Brad had settled into a nice, comfortable pattern, in life and in work. In life, he had a petite and popular girlfriend named Lisa. Lisa was one of the intercom girls at Carl’s.

Brad’s three best friends, his golf-cap buddies, also worked at Carl’s. They were David Lemon, Gary Myers, and Richard Masuta. When they weren’t hanging out at school together, they were either at Carl’s or driving around Ridgemont together in The Cruising Vessel.

In work Brad had his own method, and at it he was the best. Working the fryer at Carl’s was a system governed by beeps. One high beep—the fries were done. One low—change the oil. But Brad didn’t even have to go by the beeps. He knew when the fries were perfect. He knew when to change the oil, and he knew his fryer.

Normally quiet in class, once Brad got behind the fryer at Carl’s he was in command. He’d carry on a running dialogue with his coworkers. Or he would listen to the drive-up customers in their cars trying to decide what to order, not realizing the intercom was on and everybody in the kitchen could hear them.

(“Look, do you want goddamn cheese or not, Estelle? Hey, quit that! I’m not your punching bag!”)

Intercom customers killed Brad. Sometimes, when Lisa was working the intercom, she’d get some little Romeo trying to pick her up. She had a nice, cute voice.

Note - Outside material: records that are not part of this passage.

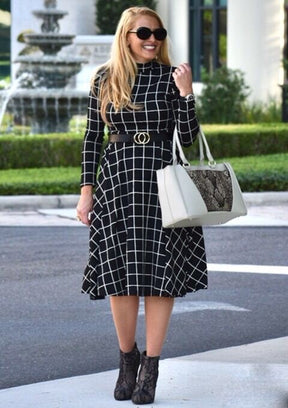 Michelle Plaid Long Sleeve Midi Dress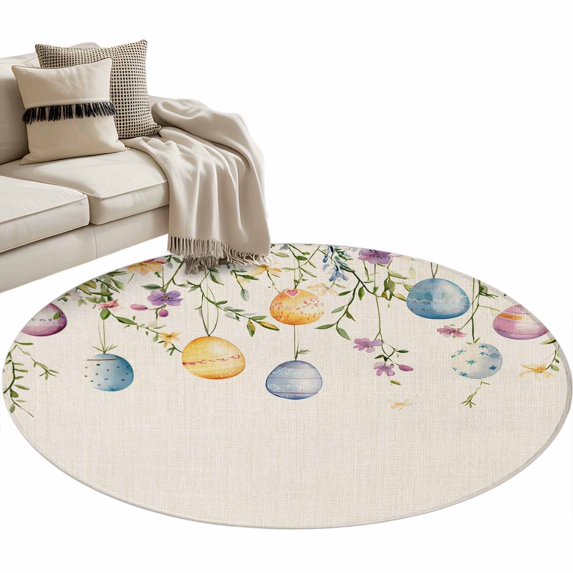 Round Area Rug 4ft, Easter Eggs Flower on Vintage Linen Non-Slip Non-Shedding Floor Mat, Spring Botanical Washable Sturdy Carpet for Living Room Bedroom Home Decor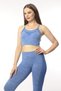 WOMEN'S GREEN MELANGE SEAMLESS FINISHING THIN STRAP BRA TOP AND BOTTOM FITNESS SET - 2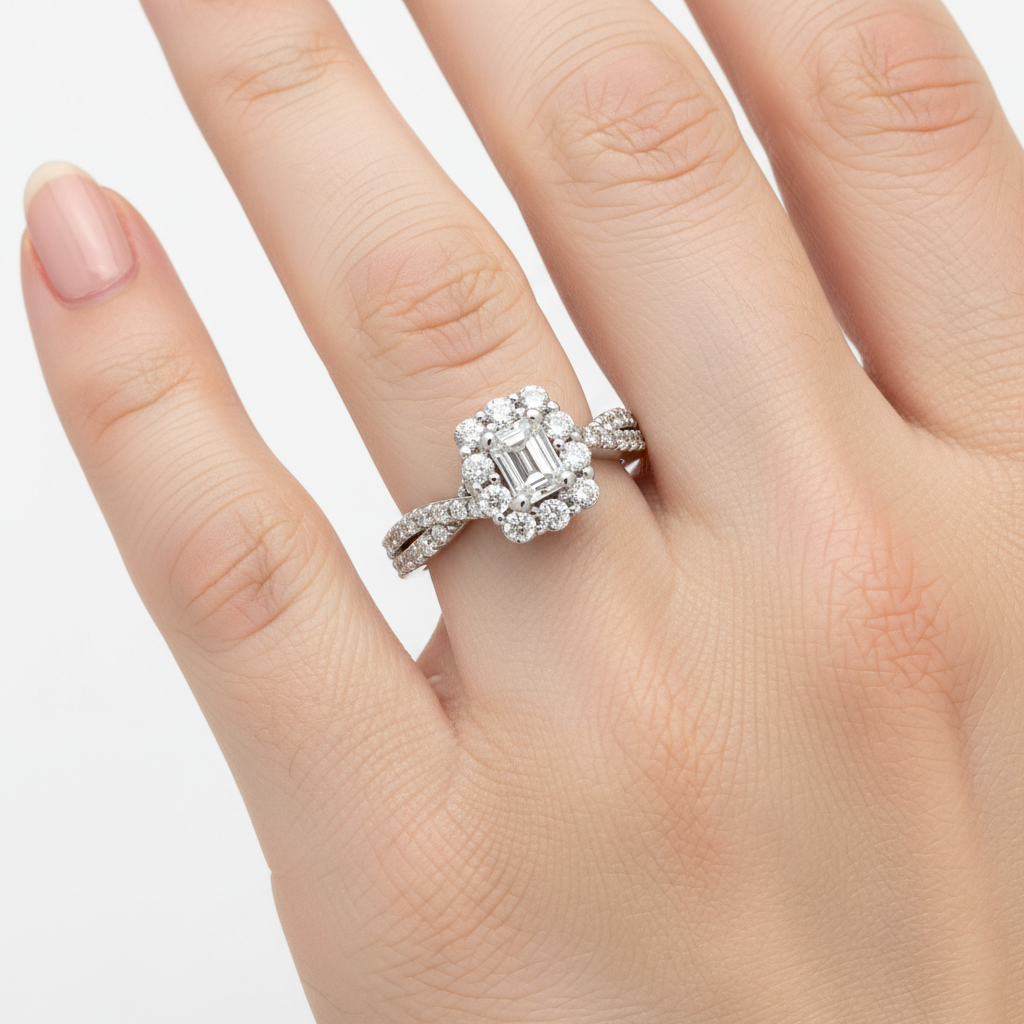 14K White Gold 1.00 Carat Total Weight Diamond Rectangular Halo Twisted Band Bridal Engagement Wedding Anniversary Ring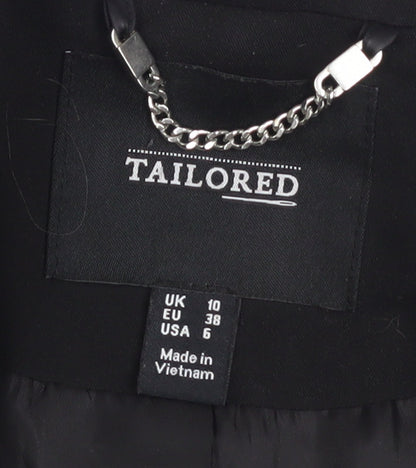 Tailored Women's Black Double-Breasted Blazer UK 10 Classic Fit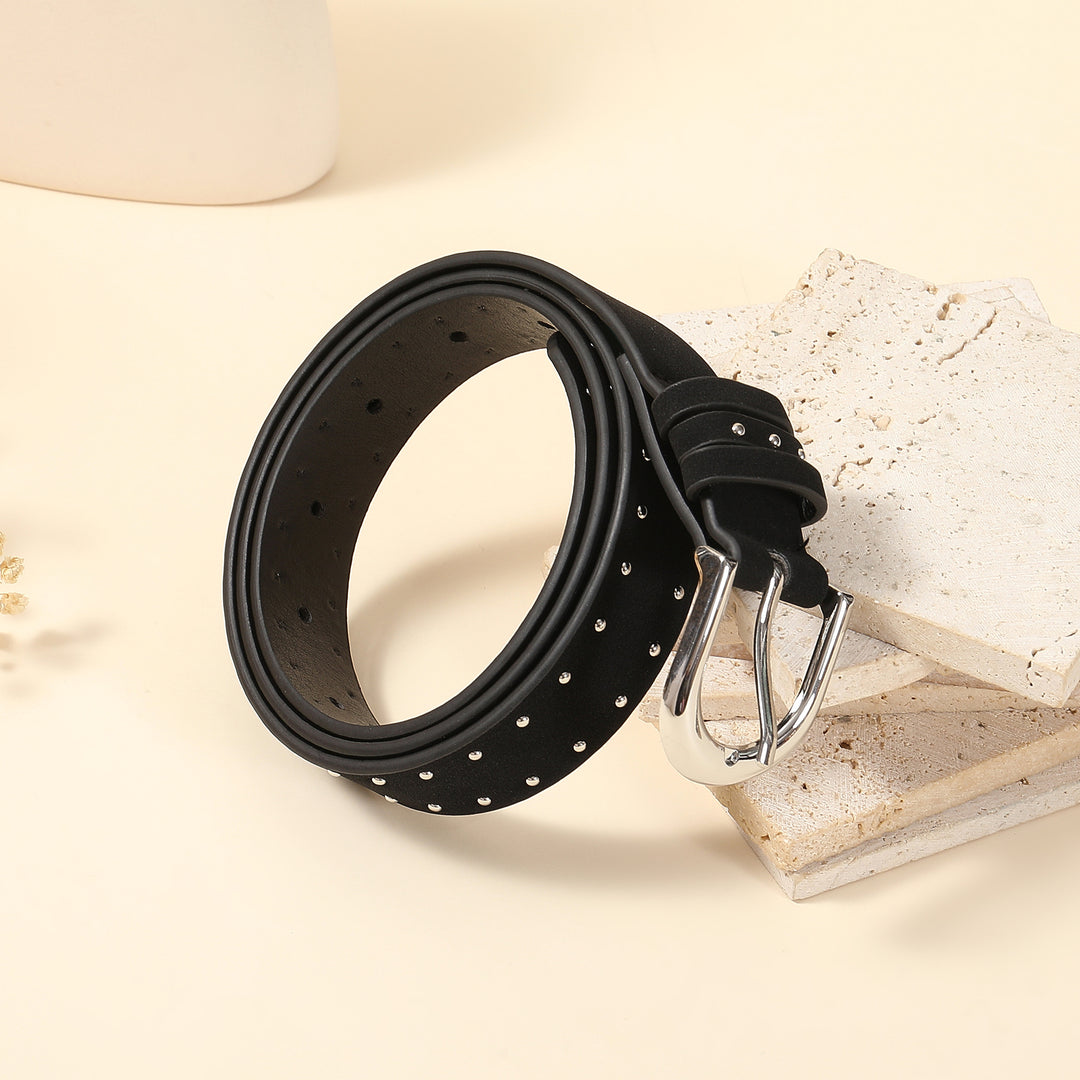 Vintage Silver Studded Vegan Leather Black Belt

“Do you want anything else with that?” Lisa would say.

“Only if you come with the food, babe.”

Then the Romeo would drive up to the window and Brad would be standing there with a professional Carl’s smile.

“Hi. How are you tonight?” he’d say. “That’ll be $4.35.”

“You know, you do sound like a girl on the intercom.”

“Oh, really?”

“Yeah. Who was I talking to?”

And Brad would count back the change. “You were talking to me, babe.”